Exploring a Hybrid Voting-based Eviction Policy for Caches and Sparse Directories on Manycore Architectures

In manycore systems, eviction decisions related to caches and memory coherence greatly impact system performance, thereby emphasizing their importance. Extensive research has produced numerous standalone eviction policies such as LRU, LFU, FIFO, etc. all aiming to attain the Bélády optimum solution. Standalone eviction policies optimize for a single attribute (recency, frequency, etc.), limiting their impact on applications exhibiting non-uniform memory access patterns. The Hybrid Voting-based Eviction Policy (HyVE) extends multiple standalone eviction policies with a ranking system and evaluates them using concepts from the voting theory domain. The goal of HyVE is to make better replacement decisions by creating a consensus among its constituent eviction policies. With its inherent voting properties, HyVE takes different replacement decisions compared to its standalone counterparts, making it a unique and new eviction policy. We deploy and evaluate HyVE as part of two case-studies: last-level cache replacement decisions in a generic manycore environment, and sparse directory eviction decisions on a tile-based distributed shared memory (DSM) architecture.

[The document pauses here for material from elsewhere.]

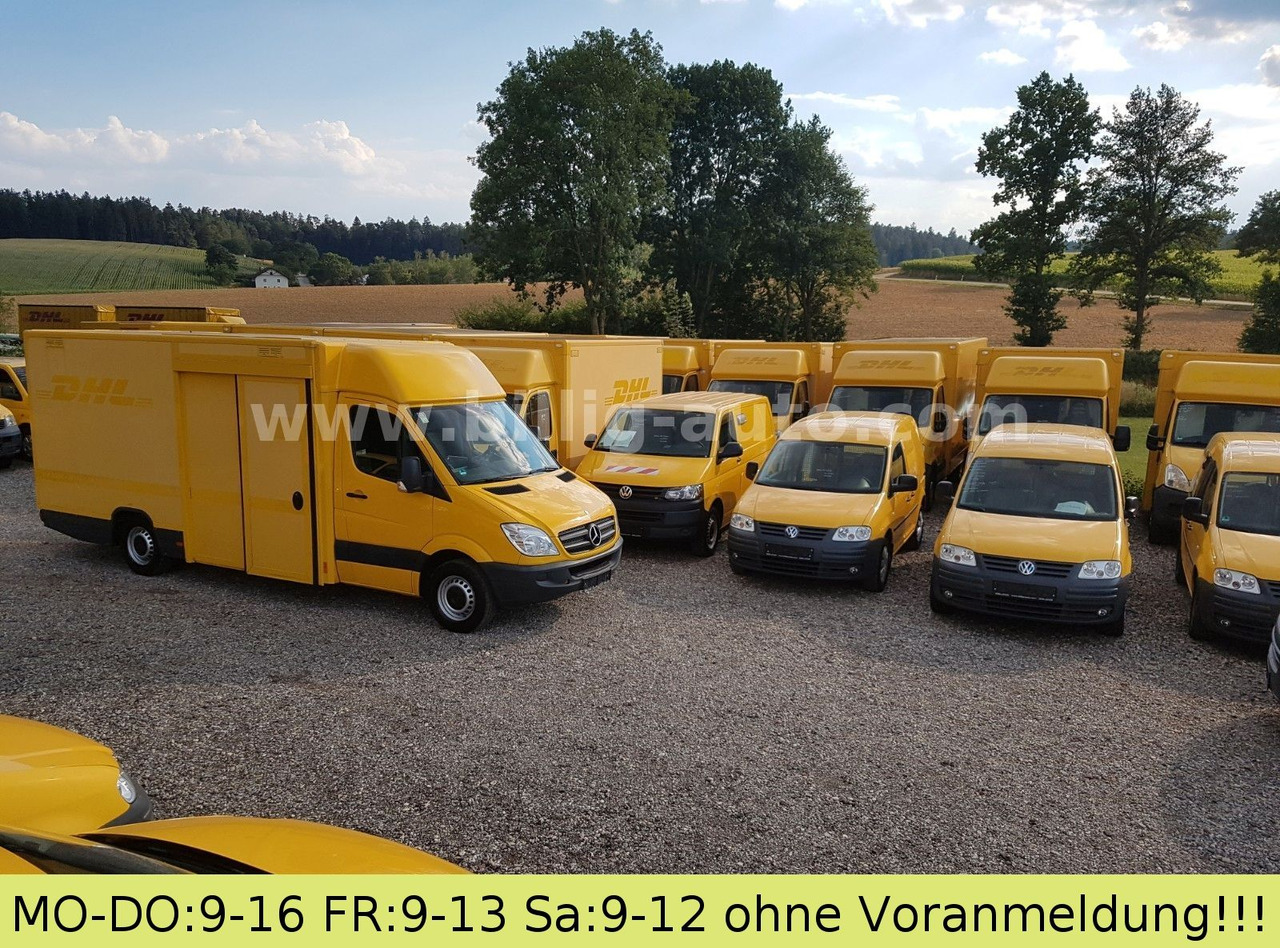 Camion magasin Mercedes-Benz Sprinter II*EURO5*MAXI*Lang*906*Koffer*: photos 15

We explore different variants of HyVE, and evaluate them using workloads from the PARSEC and SPLASH-2 benchmark suites in a simulation environment. We also compare HyVE to state-of-the-art set-dueling and learning-based eviction policies. For last-level cache replacement decisions, HyVE reduces cache misses by 7.4% compared to the LRU policy, whereas DRRIP and Hawkeye reduce cache misses by 5.5% and 9.2% respectively compared to the LRU policy. Though Hawkeye exhibits better performance on average, HyVE offers a unique advantage for certain workloads by using a voting-based approach to solve the replacement problem. For sparse directory eviction decisions, results show that HyVE reduces coherence traffic and execution time by up to 11% compared to the LRU policy. We have synthesized HyVE on an FPGA prototype. Hardware analysis results show that HyVE’s constituent policies contribute the most to its overheads, while HyVE’s ranking and voting extensions do not add significant overheads. Timing analysis results show that HyVE’s logic delay is comparable to that of standalone eviction policies. Lastly, we evaluate HyVE on the FPGA prototype using characteristic micro-benchmarks that further emphasize HyVE’s ability to remain agnostic to varying data access patterns.